All of this battling would be a worthless if there wasn't some exploring to go along with it. The environments encountered can be in stark contrast to each other, but all look absolutely gorgeous. There are massive swings in the surroundings from vast technologically advanced cityscapes, to rural and more natural places. With each comes the aural delights of the Final Fantasy musical score; it will come as no surprise to the series veterans, but the orchestral pieces really help set the scene and pull the player into the game. It is hard, however, not to notice just how linear the levels are. There is the odd small fork leading to a hidden treasure here and there, but very few branching choices to make – it's a case of follow the well-trodden path.
Even at this point in the game there are still major limitations in control. The game seems to hold the player's hand for far too long, and it's easy to get frustrated with the generic fight, walk, story. Fight, walk, story. Fight, walk, story – boss fight - story. The apparent reason for structuring the game this way was to avoid the grinding aspect that many RPGs have – western releases have proved you can do this with making things quite so boring; even then, there still is the odd bit of grinding to get the crystogen points. One of the more interesting aspects of previous Final Fantasy games has been the ability to level characters, choose their path, hone their skills – that's still true here, but things feel a bit lacklustre. As there are no direct level gains from experience to speak of, there's little encouragement for the player to go check stats, making it all too easy to neglect the Crystarium. Yet it is essential to keep going back and spending those points gained on new skills if you’ve any hope of beating the end of chapter bosses.

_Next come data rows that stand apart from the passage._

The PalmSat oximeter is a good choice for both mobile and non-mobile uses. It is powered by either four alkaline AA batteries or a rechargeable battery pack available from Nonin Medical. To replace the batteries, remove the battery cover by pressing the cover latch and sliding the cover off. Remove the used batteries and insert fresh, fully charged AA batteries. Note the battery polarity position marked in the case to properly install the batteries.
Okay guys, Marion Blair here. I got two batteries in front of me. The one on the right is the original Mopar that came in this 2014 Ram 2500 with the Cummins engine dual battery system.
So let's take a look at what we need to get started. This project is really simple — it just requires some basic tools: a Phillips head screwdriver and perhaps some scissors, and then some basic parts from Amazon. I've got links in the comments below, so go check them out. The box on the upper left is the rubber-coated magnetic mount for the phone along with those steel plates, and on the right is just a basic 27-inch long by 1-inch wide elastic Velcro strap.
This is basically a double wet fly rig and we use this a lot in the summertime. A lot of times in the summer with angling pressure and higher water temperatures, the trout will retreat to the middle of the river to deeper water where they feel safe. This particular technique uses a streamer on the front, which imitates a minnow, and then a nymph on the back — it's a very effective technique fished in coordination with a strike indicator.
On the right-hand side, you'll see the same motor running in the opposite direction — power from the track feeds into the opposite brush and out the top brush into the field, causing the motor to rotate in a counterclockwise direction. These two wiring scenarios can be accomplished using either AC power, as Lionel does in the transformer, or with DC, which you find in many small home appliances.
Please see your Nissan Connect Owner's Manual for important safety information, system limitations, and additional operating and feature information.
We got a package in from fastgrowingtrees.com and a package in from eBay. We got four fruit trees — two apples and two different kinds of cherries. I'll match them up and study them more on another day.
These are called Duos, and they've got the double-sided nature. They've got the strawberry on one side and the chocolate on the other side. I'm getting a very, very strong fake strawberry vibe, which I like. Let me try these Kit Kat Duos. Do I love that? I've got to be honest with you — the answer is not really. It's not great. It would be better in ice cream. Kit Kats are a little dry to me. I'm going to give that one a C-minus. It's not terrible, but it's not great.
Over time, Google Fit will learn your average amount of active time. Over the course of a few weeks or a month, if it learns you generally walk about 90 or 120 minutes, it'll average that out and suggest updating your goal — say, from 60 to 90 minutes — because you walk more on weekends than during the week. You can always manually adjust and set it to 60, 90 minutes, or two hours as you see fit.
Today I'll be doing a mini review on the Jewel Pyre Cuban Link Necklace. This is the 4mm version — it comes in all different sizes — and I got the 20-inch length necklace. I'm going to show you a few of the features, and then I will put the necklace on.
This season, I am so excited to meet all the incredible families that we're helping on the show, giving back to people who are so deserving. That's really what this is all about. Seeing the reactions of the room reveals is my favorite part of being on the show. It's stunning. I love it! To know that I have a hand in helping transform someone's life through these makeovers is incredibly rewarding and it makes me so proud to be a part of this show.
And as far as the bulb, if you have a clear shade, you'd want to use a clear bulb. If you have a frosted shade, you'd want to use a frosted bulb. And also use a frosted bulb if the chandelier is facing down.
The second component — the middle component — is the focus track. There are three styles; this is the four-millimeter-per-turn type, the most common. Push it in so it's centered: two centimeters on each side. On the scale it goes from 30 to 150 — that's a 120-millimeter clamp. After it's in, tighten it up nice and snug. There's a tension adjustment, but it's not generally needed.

Sadly Final Fantasy XIII isn't the epic enthralling experience ardent fans were hoping for, in fact it’s slightly disappointing. It's far too linear, lacks pace, and requires players to endure tedium for many hours before the title opens up and lets the gamer decide how they want to play the game. No-one should have to wait 15-20 hours before the entertainment becomes enjoyable, and in that respect FFXIII fails miserably. There's no doubting that the visuals are lavish, the voice talent fantastic and the story interesting, but when it requires hours of dreariness in between, it just doesn't add up.
Final Fantasy is not a must buy by any stretch of the imagination, there are far better RPGs out there that reward exploration and adventure, such as the recent releases from BioWare and Bethesda. Final Fantasy seems to have fallen in a rut, but if you can put up with the linearity for long enough, there is an interesting story and game at its heart. That said, even hard-core Final Fantasy fans are going to struggle to find an A++ RPG here.